§ PROBLEM DESCRIPTION: The task calls for every entry to be printed word for word, without the images.
=== AVAILABLE RECORDS ===
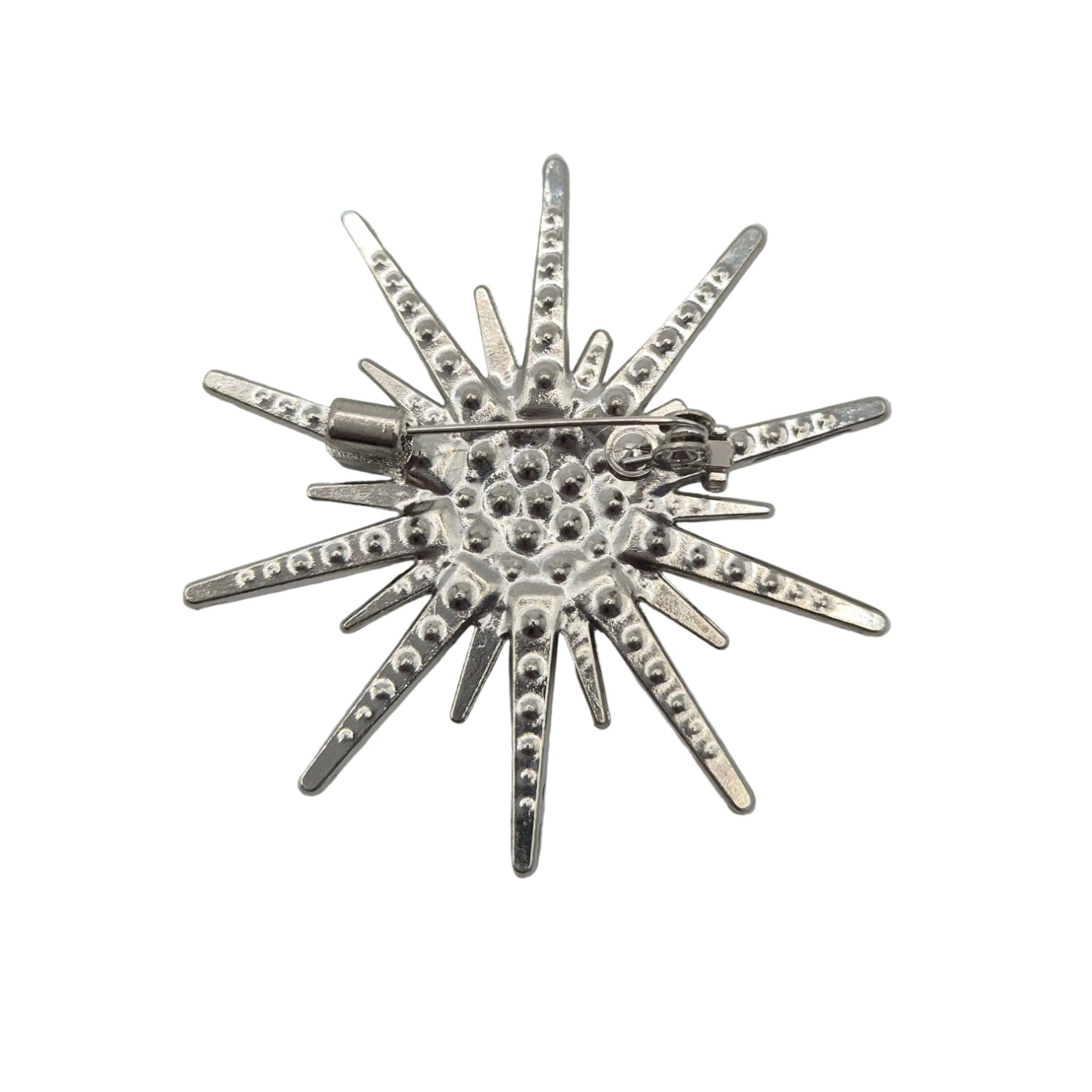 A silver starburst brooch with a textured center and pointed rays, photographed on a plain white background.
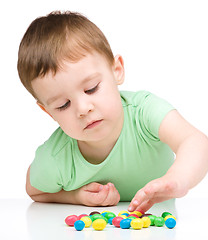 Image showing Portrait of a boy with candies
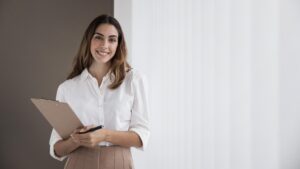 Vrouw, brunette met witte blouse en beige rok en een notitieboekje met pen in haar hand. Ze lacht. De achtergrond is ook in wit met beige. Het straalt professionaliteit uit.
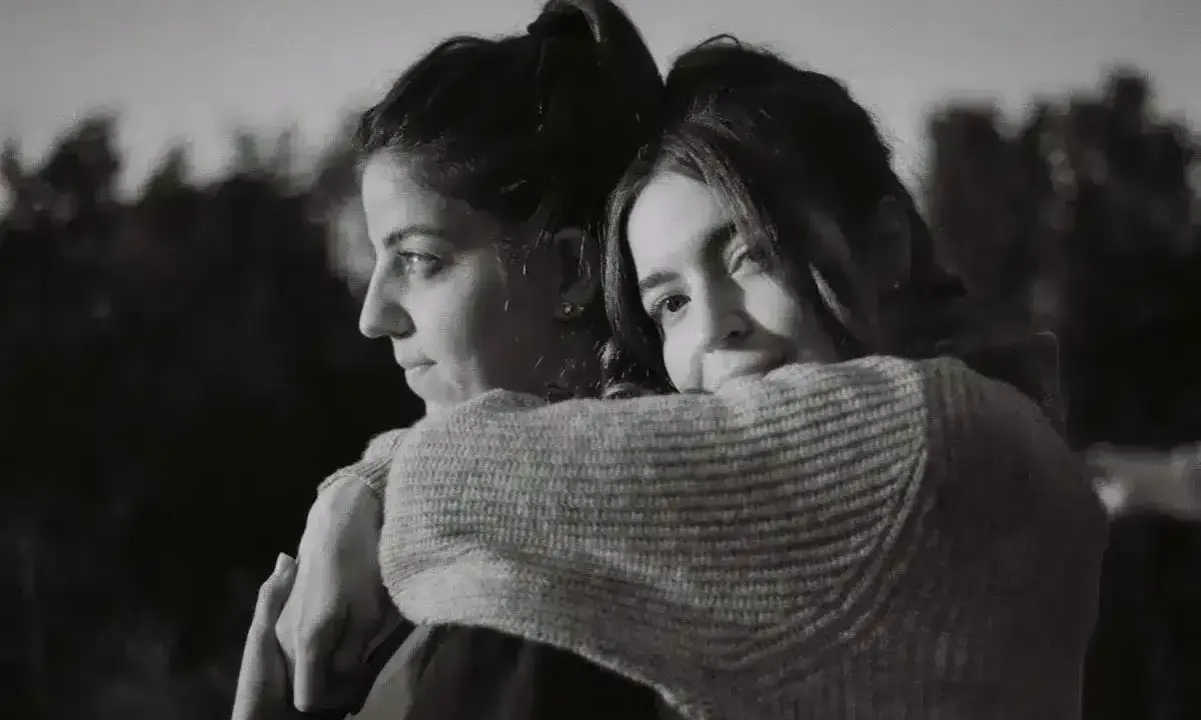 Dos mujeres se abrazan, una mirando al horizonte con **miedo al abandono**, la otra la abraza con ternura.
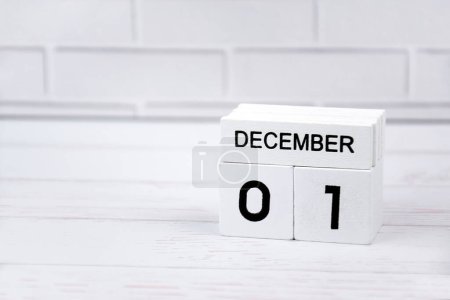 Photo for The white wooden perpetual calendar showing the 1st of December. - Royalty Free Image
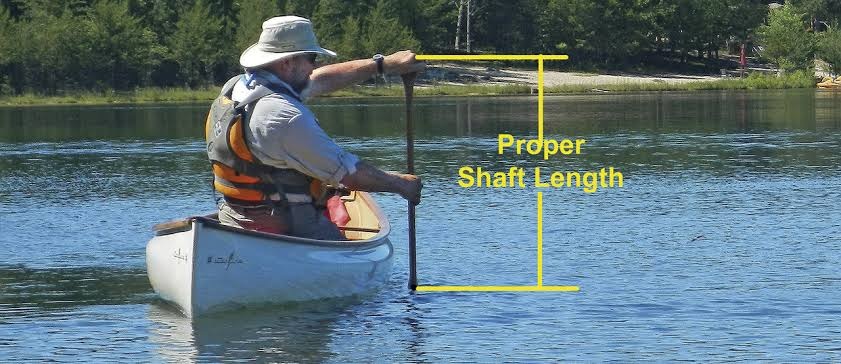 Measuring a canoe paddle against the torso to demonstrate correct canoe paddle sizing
===
§ WRITTEN ANSWER:
 A silver starburst brooch with a textured center and pointed rays, photographed on a plain white background.
 Image showing Portrait of a boy with candies
 Vrouw, brunette met witte blouse en beige rok en een notitieboekje met pen in haar hand. Ze lacht. De achtergrond is ook in wit met beige. Het straalt professionaliteit uit.
 Dos mujeres se abrazan, una mirando al horizonte con **miedo al abandono**, la otra la abraza con ternura.
 Photo for The white wooden perpetual calendar showing the 1st of December. - Royalty Free Image
 Measuring a canoe paddle against the torso to demonstrate correct canoe paddle sizing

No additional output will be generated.